Hi, I’m Kaya Collins. I’m 17 years old and soon starting my senior year at Forsyth Central High School. I’ve lived in Forsyth County my entire life and I love it but can’t wait to leave and experience more. I have one younger brother starting 8th grade in the fall and a dog named Ozzy. My dad is from upstate New York and my mom is actually from Poland. Having a parent who came to the U.S. on her own at an age younger than I am now has completely changed my perspective on the world, people and how to live your life fully. I’ve learned that anything really is possible and if you want to do something badly enough in your life, you’re able to accomplish it if you try. I also think it’s really important to find something that you love to do the rest of your life instead of working mindlessly at a job you dread until retirement.

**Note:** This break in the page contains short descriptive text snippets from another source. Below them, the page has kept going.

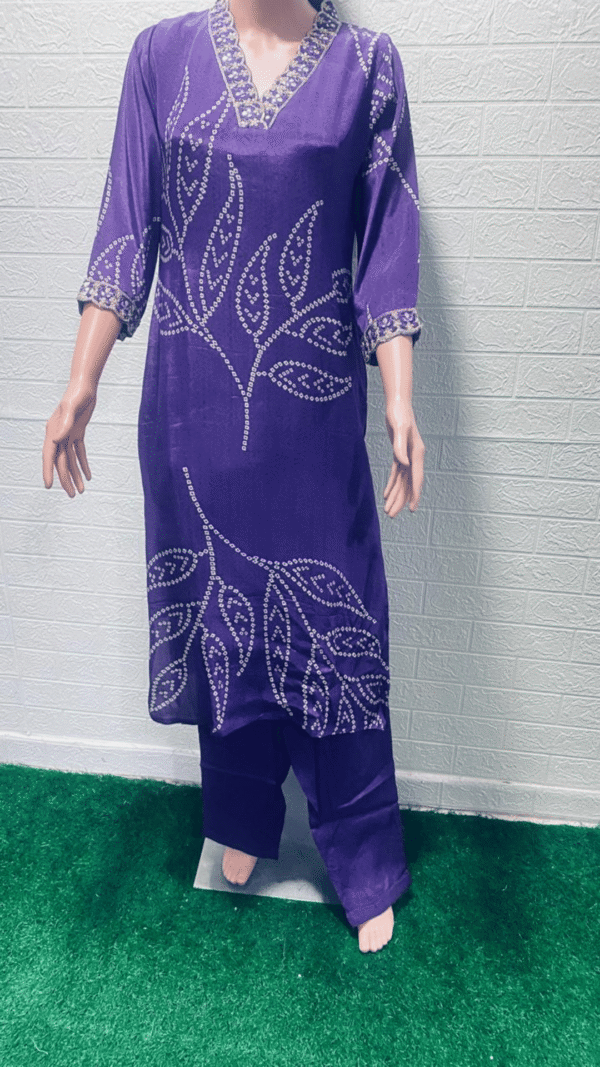 Georgette Silk 3 Pcs Set - Image 2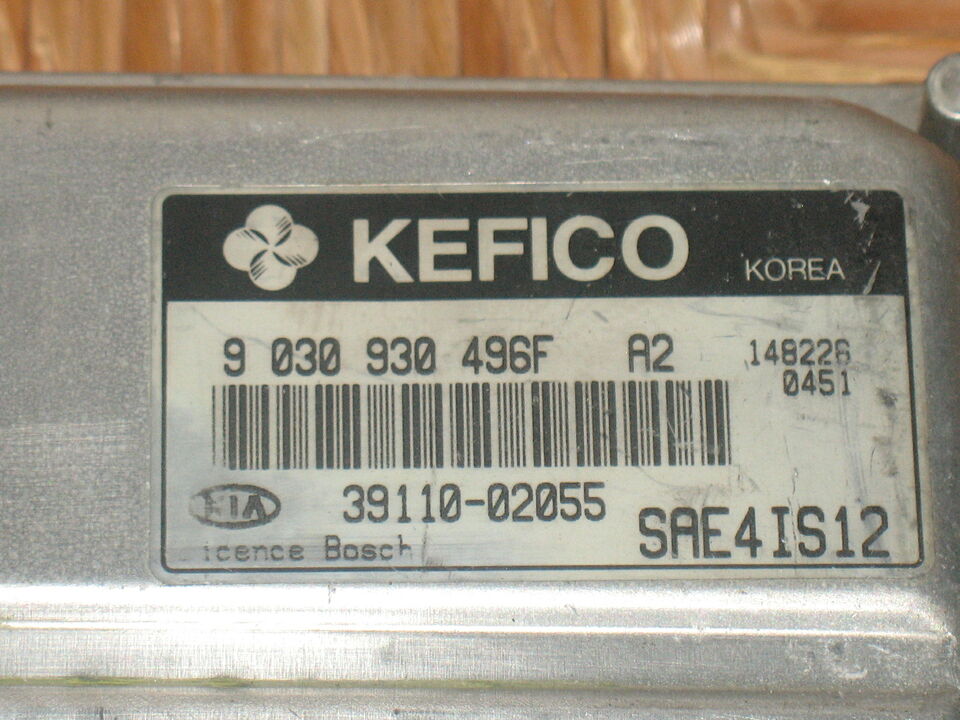 ECU KIA PICANTO KEFICO 1.1 39110-02055 3911002055 9030930496F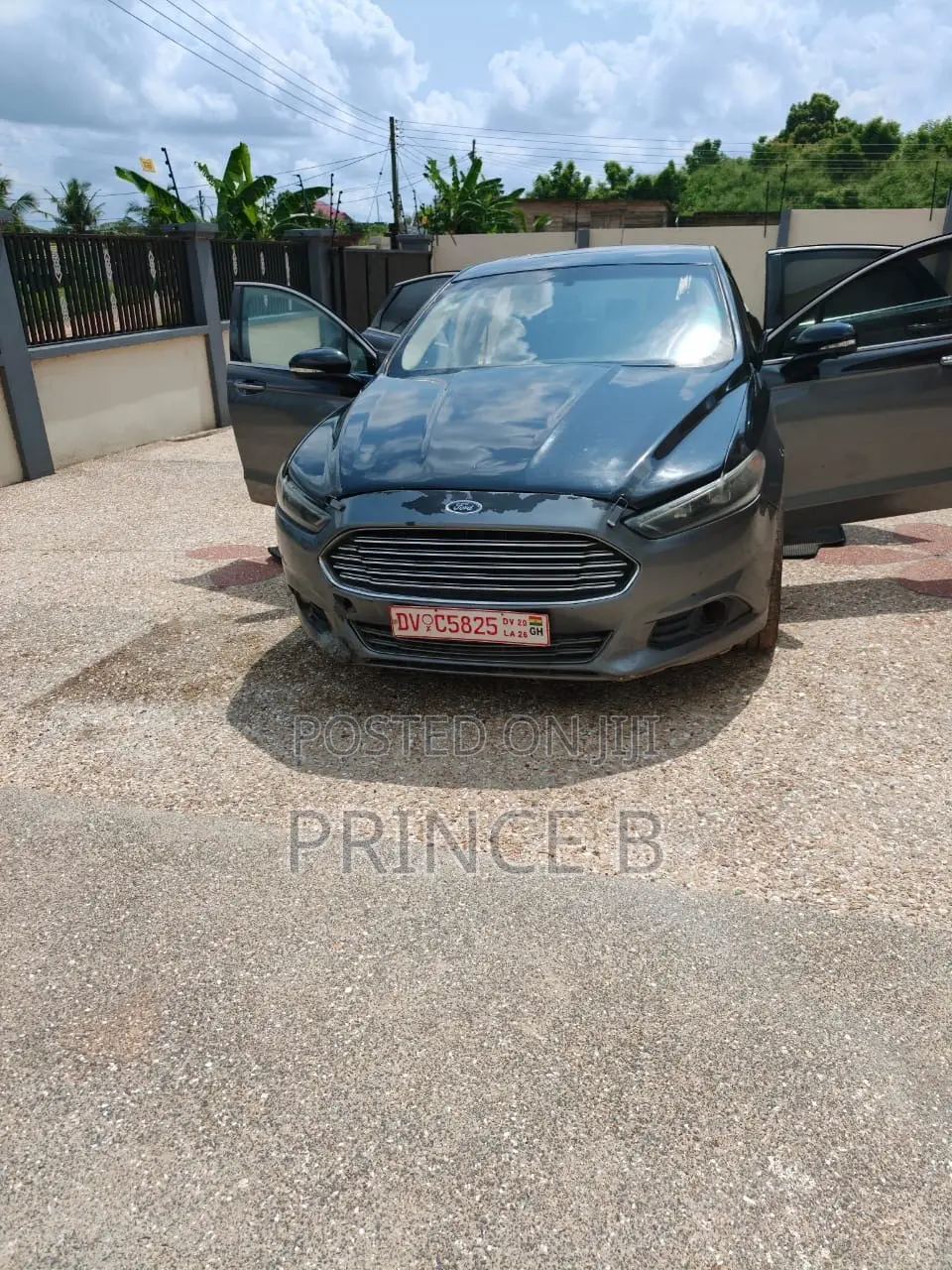Ford Fusion Titanium 4dr Sedan AWD w/EcoBoost (2.0L 4cyl Turbo 6A) 2014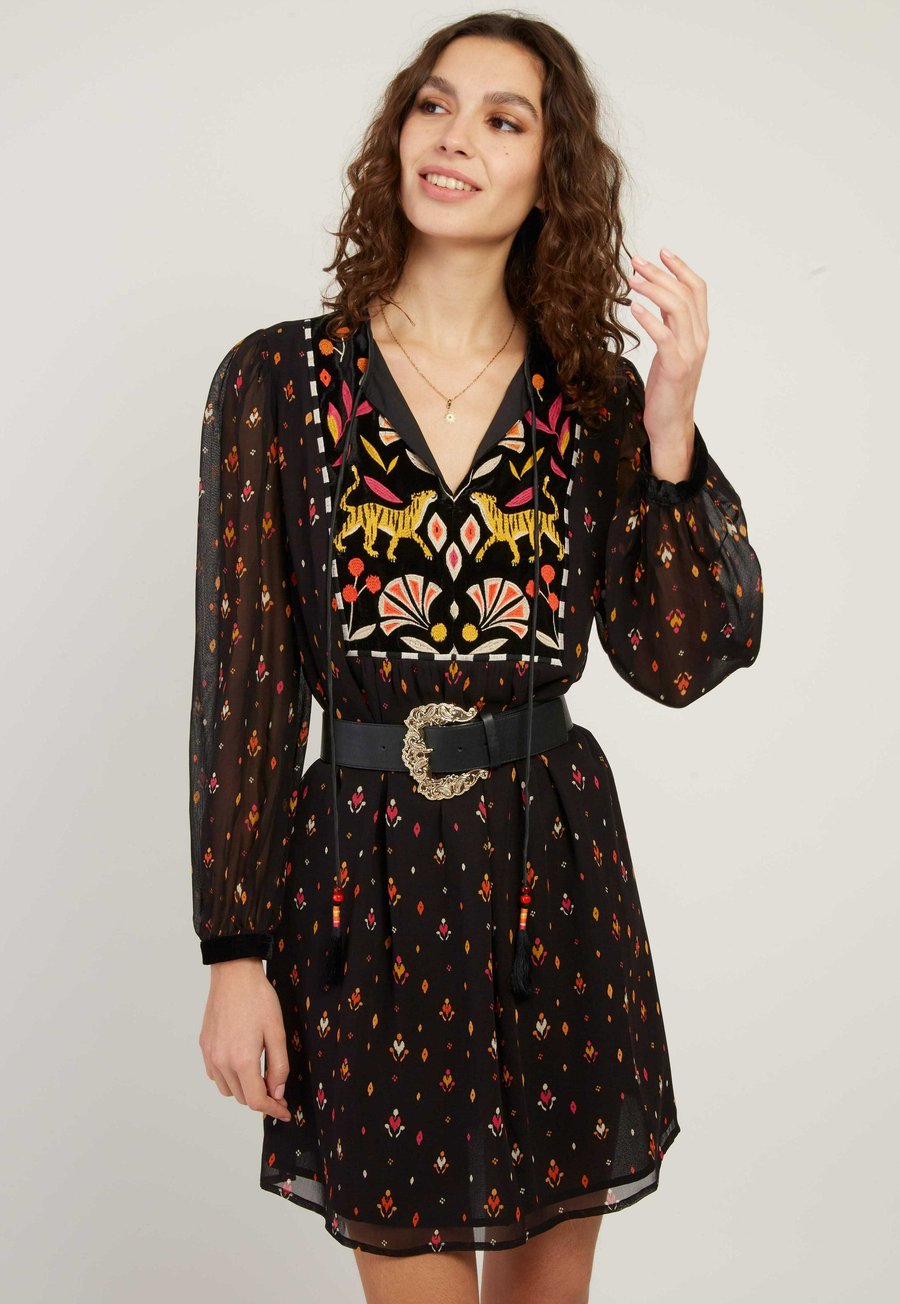 Платье Derhy BAYONNE , Noir/Black
Платье Derhy BAYONNE , Noir/Black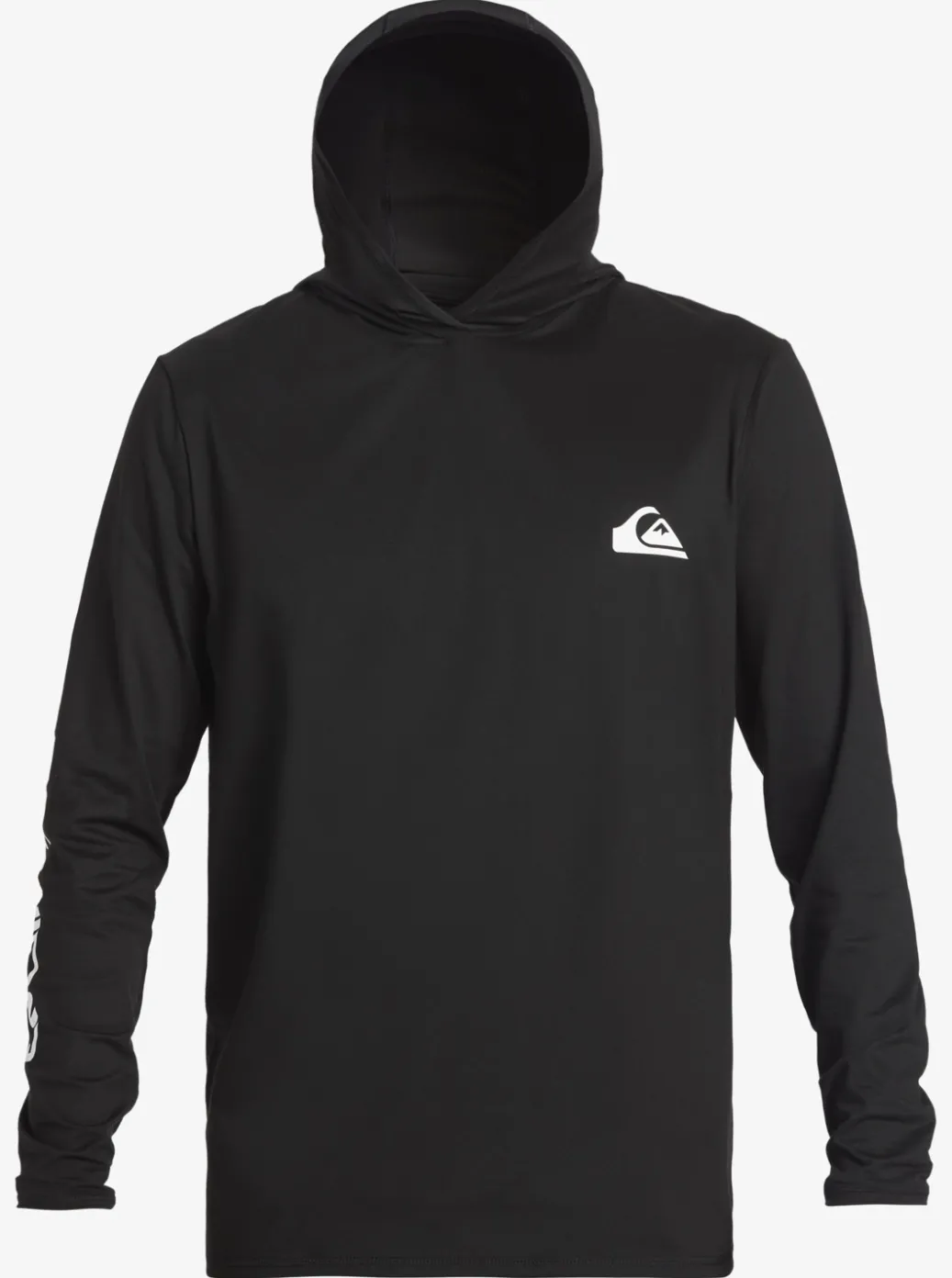 Shop Quiksilver Omni Session Upf 50 Long Sleeve Surf Tee Black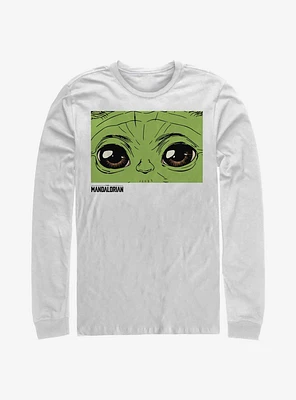 Star Wars The Mandalorian These Eyes Long-Sleeve T-Shirt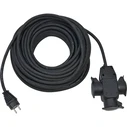 Μπαλαντέζα Brennenstuhl Extension 25m H07RN-F3G1,5 black IP44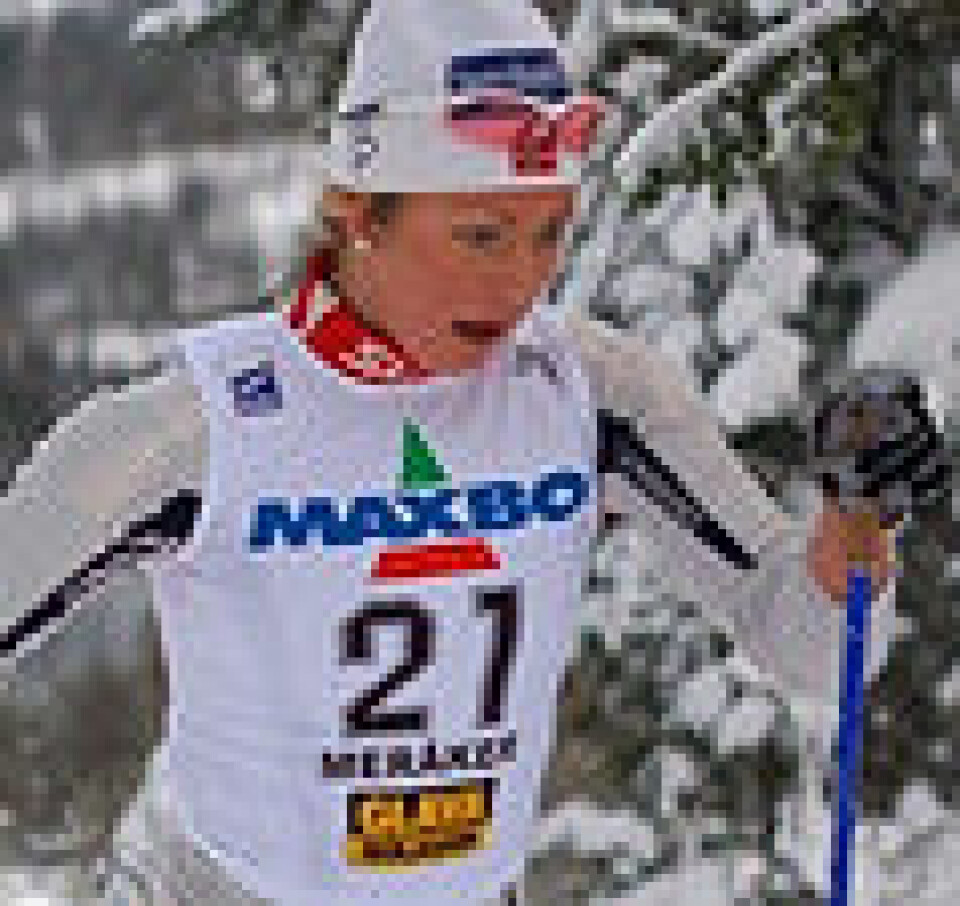 91 norske deltok i Dolomitenlauf Anette_Broeto_NM_langrenn_2007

I don’t actually plan on going into journalism once I graduate high school. I’ve always struggled with not being good at the things I enjoyed and then being good at things I don’t have a huge passion for. The closest I got to finding something that checked both of those boxes was writing. Specifically writing for absolutely anything sports related – sports journalism. That was it, my plan. I figured I could be decent at it and wouldn’t mind pursuing a career in it for the rest of my life. Then came the questions and grilling. Adults always asking, “So what job do you want to have?” or “Where is that job going to take you and what do you want it to do for you?”, and then one day somebody asked me why. “Why do you want to write?”. I couldn’t come up with an answer. That’s how I knew I wasn’t going to write for the rest of my life. I have so much respect for good writers and I enjoy it myself, but I was finally able to decide that it wasn’t truly a career I saw myself in.
I do also play a sport. I’ve run three years so far for our high school track and field team and it’s the most incredible experience. The connections that you make with people from the long meets and cold practices together are something so valuable that it’s hard to express. The thought of next year being our last together is almost crippling. I really don’t know who I would be without running and the people I met through it so it will always be a little part of any personal statements or pieces I write.
I may not become a writer but writing will always be apart of me and act as an outlet for all of the stories that I’ll experience and collect as I keep getting older.